CAPITULO V
—Eres lento como una tortuga —farfulló el enmascarado que capitaneaba el grupo de sucios y repulsivos rufianes armados, dirigiéndose de nuevo al vacilante Snake—. ¿Te vuelves de una maldita vez o no, hijo de perra?
Rush asintió, indeciso. Su voz trémula respondió débilmente:
—Sí, sí... Ya está... ¿Os parece bien así, amigos?
Y apenas giró de cara hacia ellos, torpe y cansinamente, sus brazos se alzaron, como si fueran a sobrepasar su cabeza, en gesto de rendición tradicional.
Nada más lejos de la realidad. Súbitamente, aquellos dos brazos descendieron con vertiginosa rapidez, y en ellos se descubrió que no había docilidad alguna ante aquella dramática conminación del adversario bien armado y dispuesto a todo.

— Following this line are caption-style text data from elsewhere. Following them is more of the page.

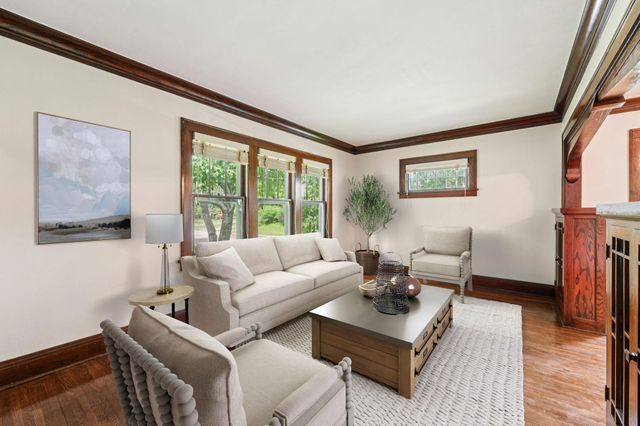 710 Wheelock Parkway W, Saint Paul, MN 55117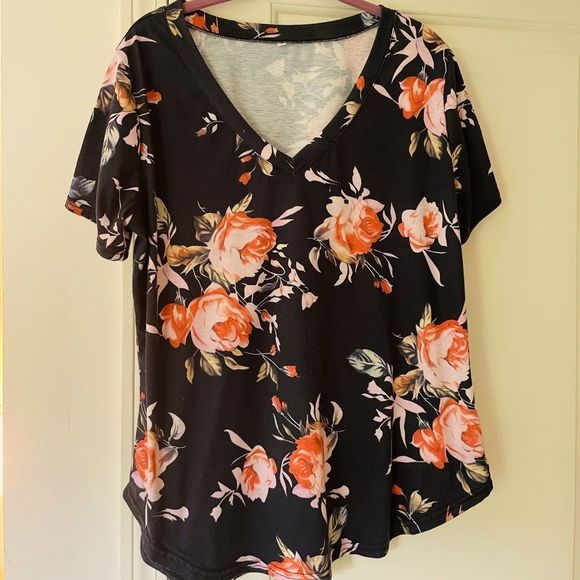 Tops - 3/$10 Floral Vneck Tshirt
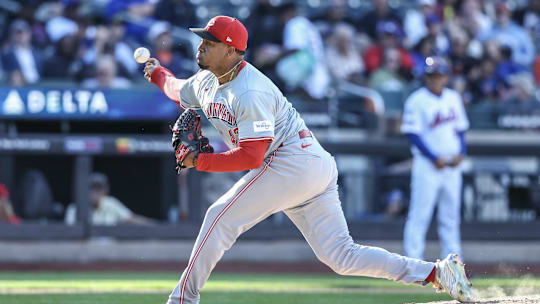Sep 8, 2024; New York City, New York, USA;  Cincinnati Reds relief pitcher Alexis Diaz (43) pitches in the ninth inning against the New York Mets at Citi Field. Mandatory Credit: Wendell Cruz-Imagn Images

Cada una de sus manos, empuñaba un revólver amartillado. No eran de gran calibre, porque los Kane no llevaban «45» entre sus pertenencias. Pero sí dos «38» bastante respetables, bien engrasados y con el cilindro repleto de balas. Fue una espantosa, súbita y terrorífica sinfonía de muerte, ruidosa y virulenta, que llenó la noche de llamaradas, estampidos, plomo ardiente y humo. Las manos de Rush Snake eran dos torbellinos, y nadie hubiera podido superar, ni tan siquiera igualar, la actividad de vértigo de aquellas manos.

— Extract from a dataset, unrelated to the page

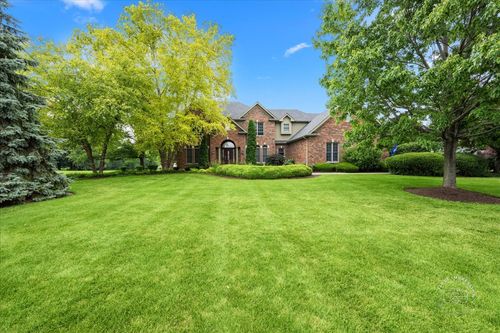 36W824 Red Gate Ct, St. Charles, IL, 60175-6295 | Card Image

Cada revólver, en décimas de segundo, vomitó hasta cuatro balas. Fueron ocho estampidos rotundos, ocho salivazos de fuego. Ocho balas buscando cuerpos humanos como blanco. Cuerpos de hombres que, sólo un momento antes, se creían totales vencedores de la batalla, indiscutibles amos de la situación. Rush Snake, en sólo un par de segundos, había alterado el panorama de tal modo, que, ante la mirada de estupor e incredulidad de los dos jóvenes hermanos Kane, los cuerpos de los enmascarados asaltantes brincaron como peleles, acribillados a balazos, sin tiempo material para utilizar sus rifles y revólveres.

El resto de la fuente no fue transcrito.